--- THE INPUT Enclosed Below ---
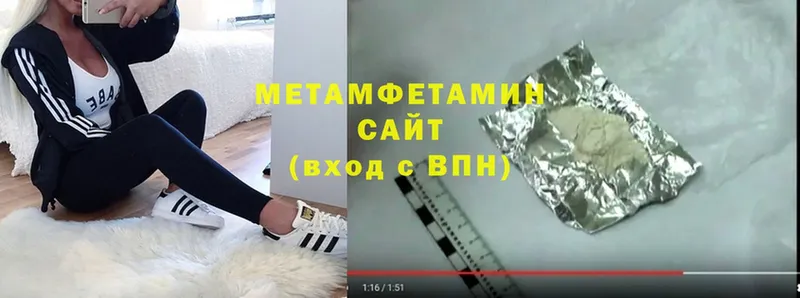 где можно купить   Бокситогорск  Метамфетамин Декстрометамфетамин 99.9% 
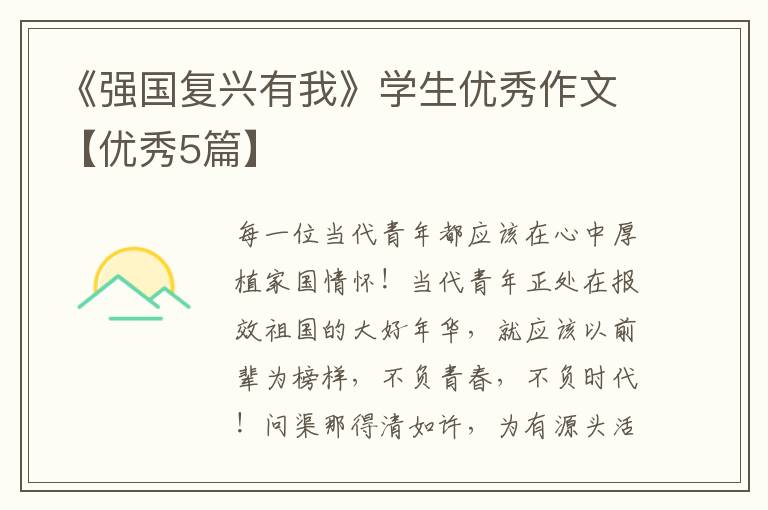《强国复兴有我》学生优秀作文【优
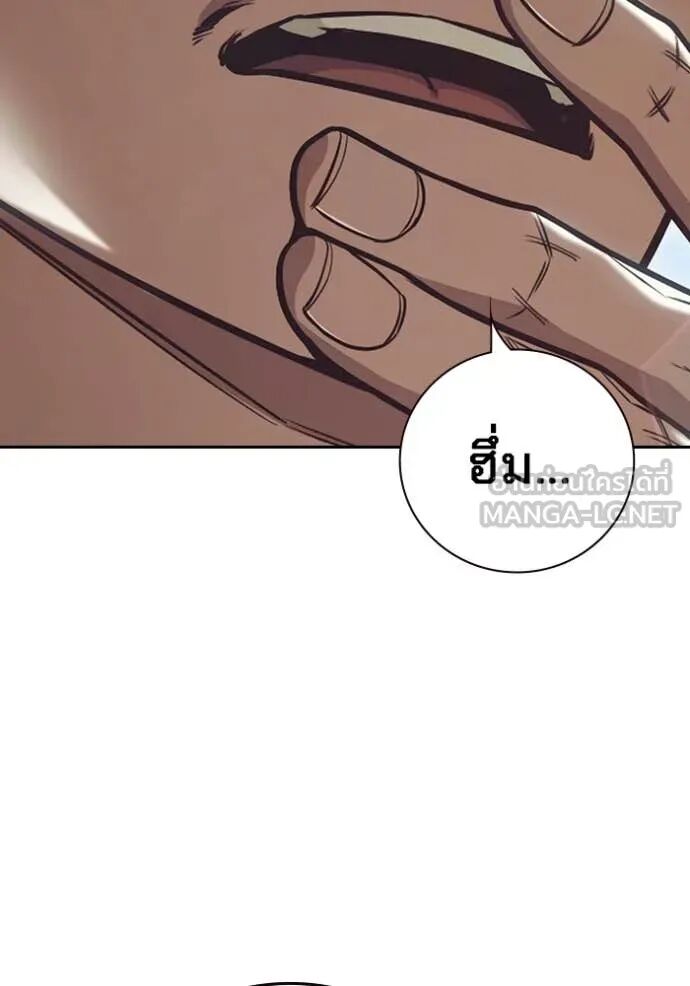 Juvenile Prison ตอนที่ 57 91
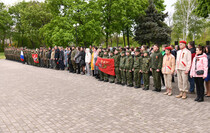 Свердловский район
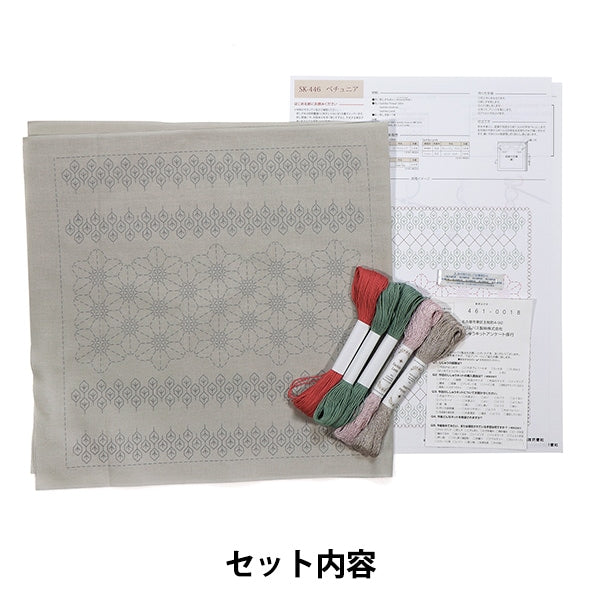 刺し子ハオリ 刺しゅうキット 『刺し子キットLa bouquetiere ペチュニア SK-446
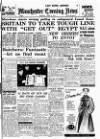 Manchester Evening News Monday 02 April 1951 Page 1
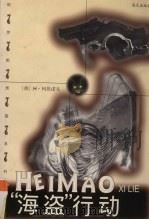 “海盗”行动 1998 PDF电子版封面 780615812X (俄)Н.列昂诺夫(Н.Леонов)著;王攀等译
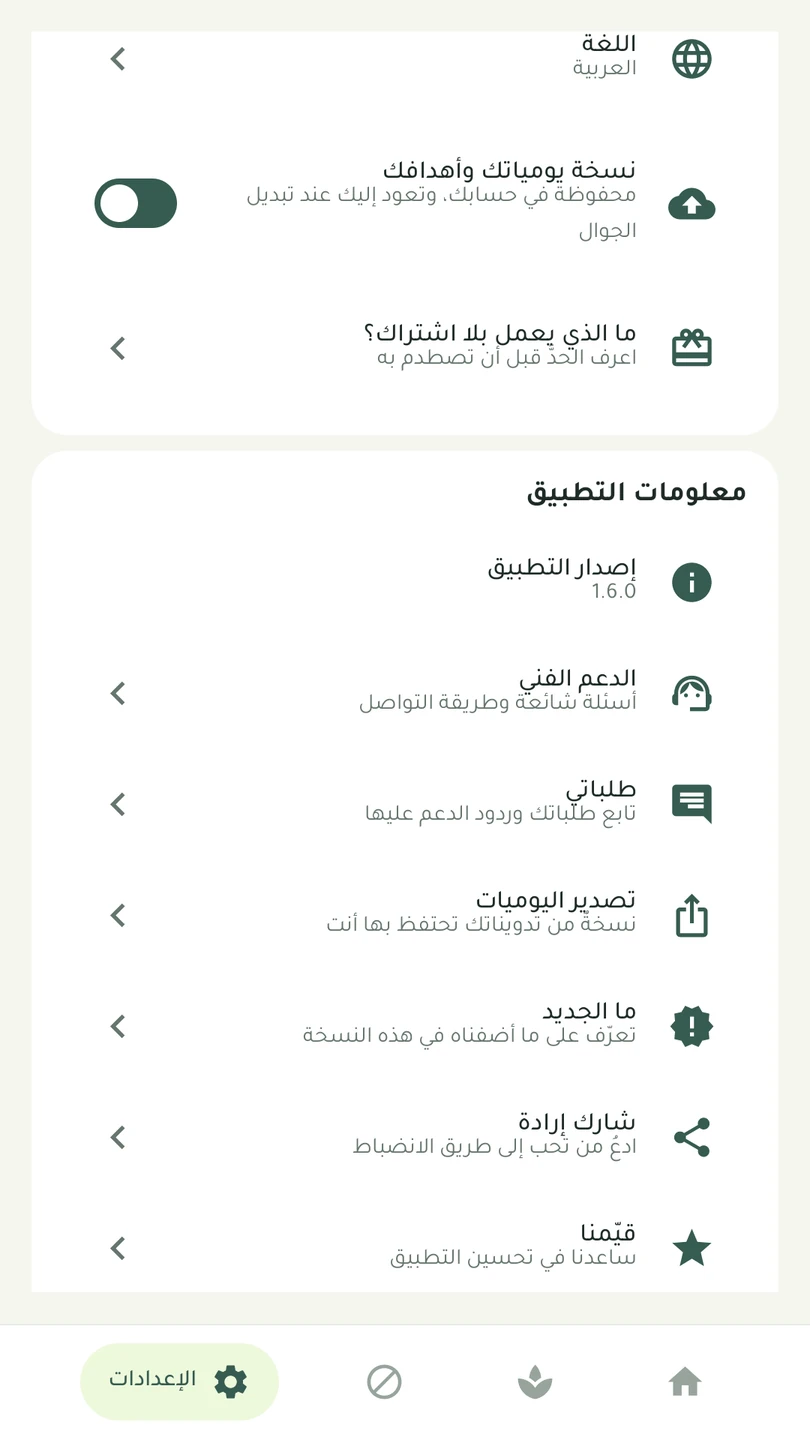قسم الدعم داخل إعدادات التطبيق: «الدعم الفنّي» و«طلباتي» متتاليَين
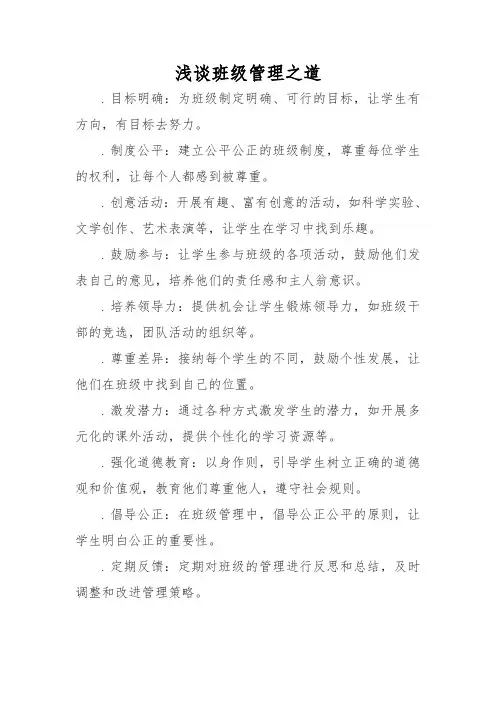 浅谈班级管理之道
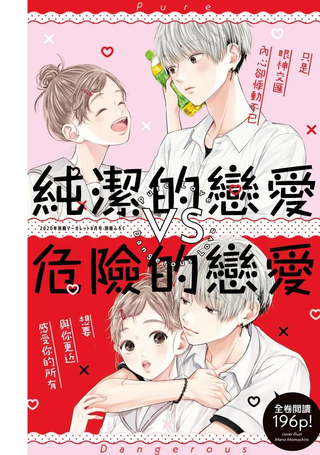 恋香夏日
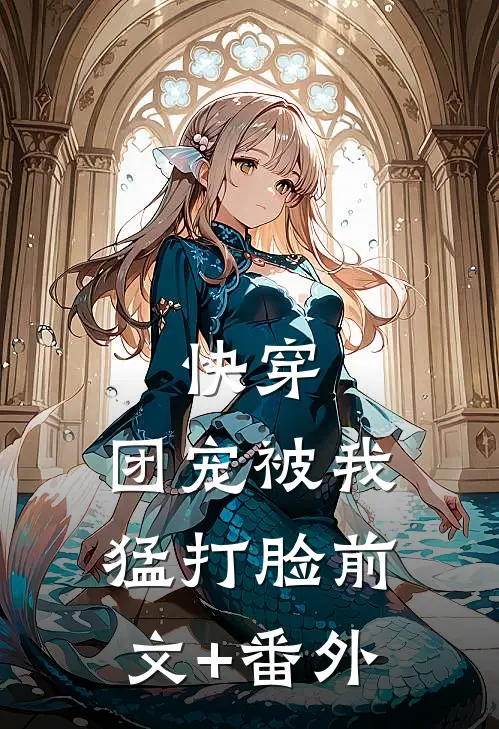 快穿：团宠被我猛打脸前文+番外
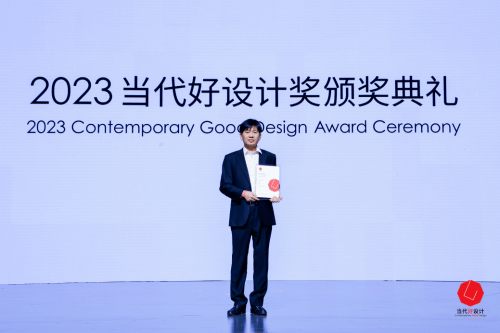 重磅!锦湖轮胎PS71 EV获“2023年当代好设计奖”!_搜狐汽车_搜狐网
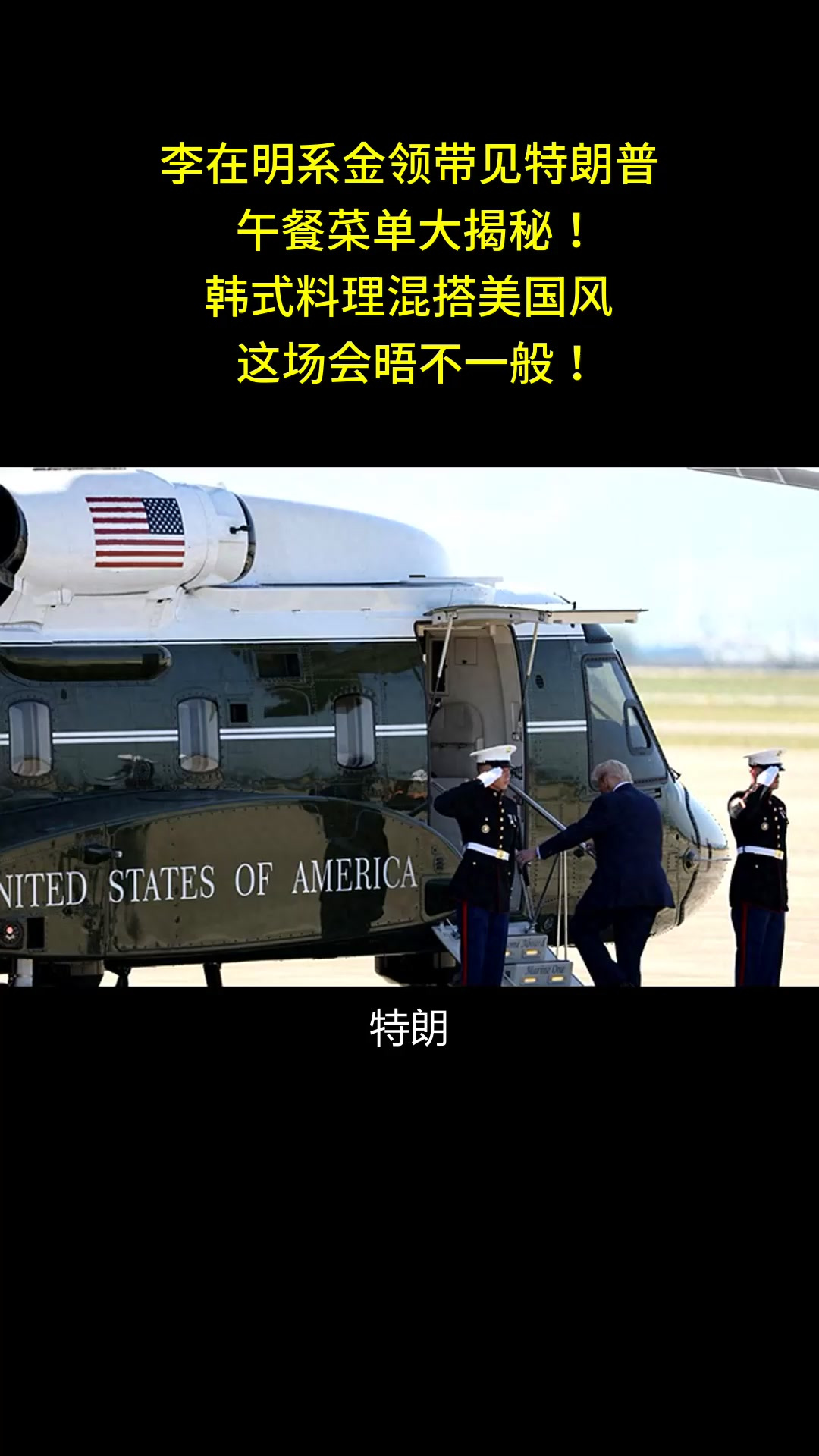 李在明系金领带见特朗普,午餐菜单大揭秘!韩式料理混搭美国风,这场会晤不一般!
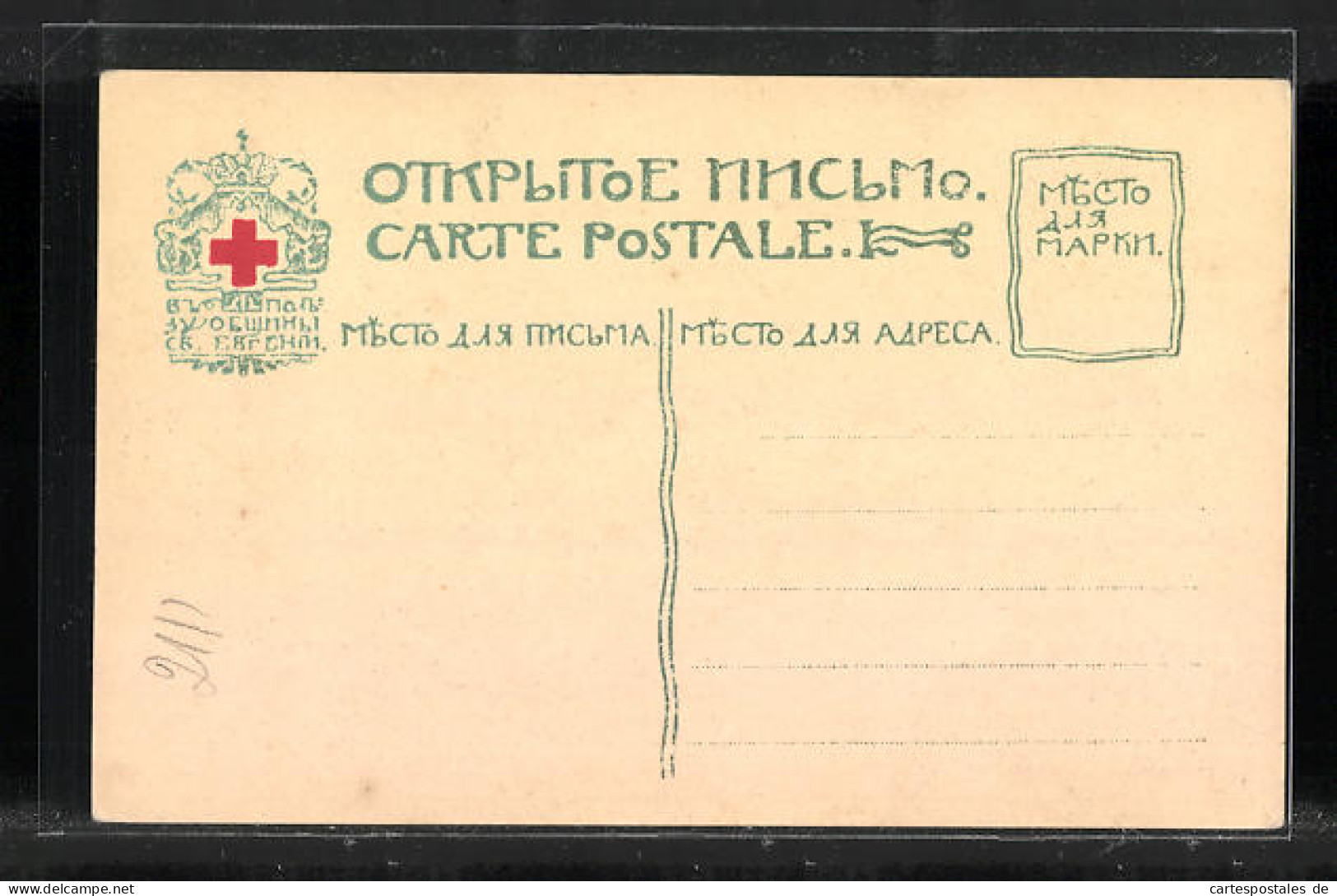 Künstler-AK C. Bruloff: Les Derniers Jours De Pompéi, Menschen In Der Einstürzenden Stadt, Rotes Kreuz Russland  - Croce Rossa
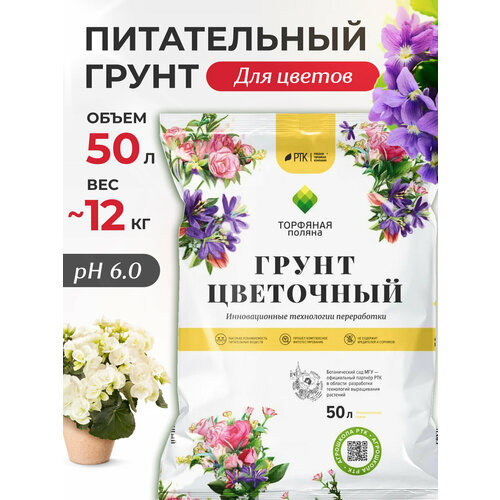 ���������� ����� ��� ������, ����� ��� ������� ������������� 50 � InHome Green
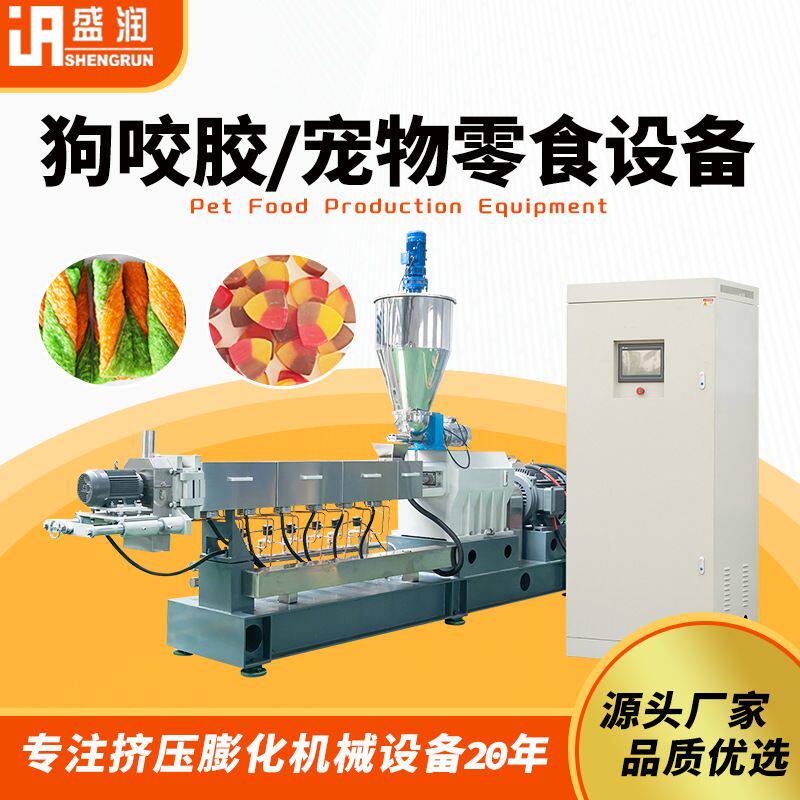 双色夹心狗咬胶生产线 宠物磨牙棒制作机器 狗零食单螺杆膨化机
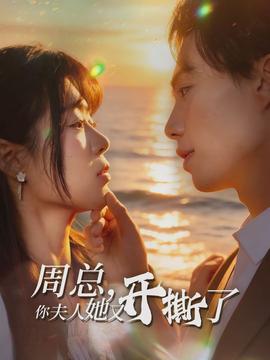 周總，你夫人她又開(kāi)撕了(全集)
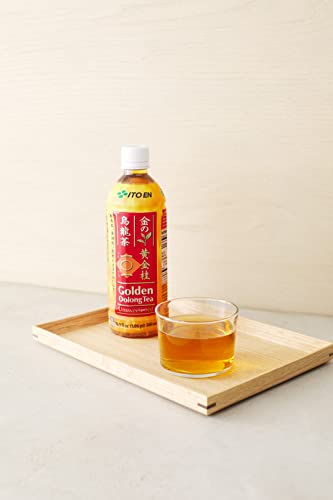 top-rated-ready-to-drink-coffee-ito-en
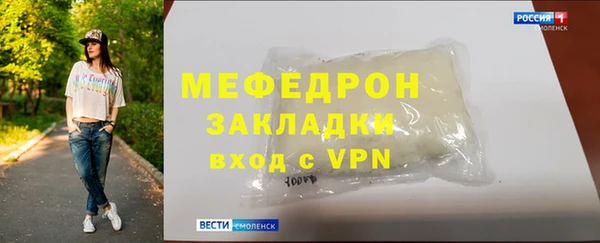 гашиш Новозыбков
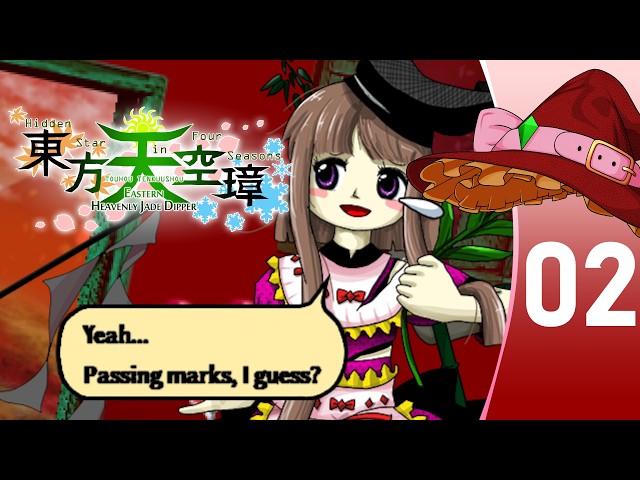 Auburn Arcana ✧ Touhou Tenkuushou #2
--- End of Enclosed THE INPUT ---
■ **TASK**
Exactly as they stand, write the lines from the one holding "Künstler-AK C. Bruloff: Les" to the end of the material, both ends included. Do not copy the pictures.

■ **EXPECTED OUTPUT**
 Künstler-AK C. Bruloff: Les Derniers Jours De Pompéi, Menschen In Der Einstürzenden Stadt, Rotes Kreuz Russland  - Croce Rossa
 ���������� ����� ��� ������, ����� ��� ������� ������������� 50 � InHome Green
 双色夹心狗咬胶生产线 宠物磨牙棒制作机器 狗零食单螺杆膨化机
 周總，你夫人她又開(kāi)撕了(全集)
 top-rated-ready-to-drink-coffee-ito-en
 гашиш Новозыбков
 Auburn Arcana ✧ Touhou Tenkuushou #2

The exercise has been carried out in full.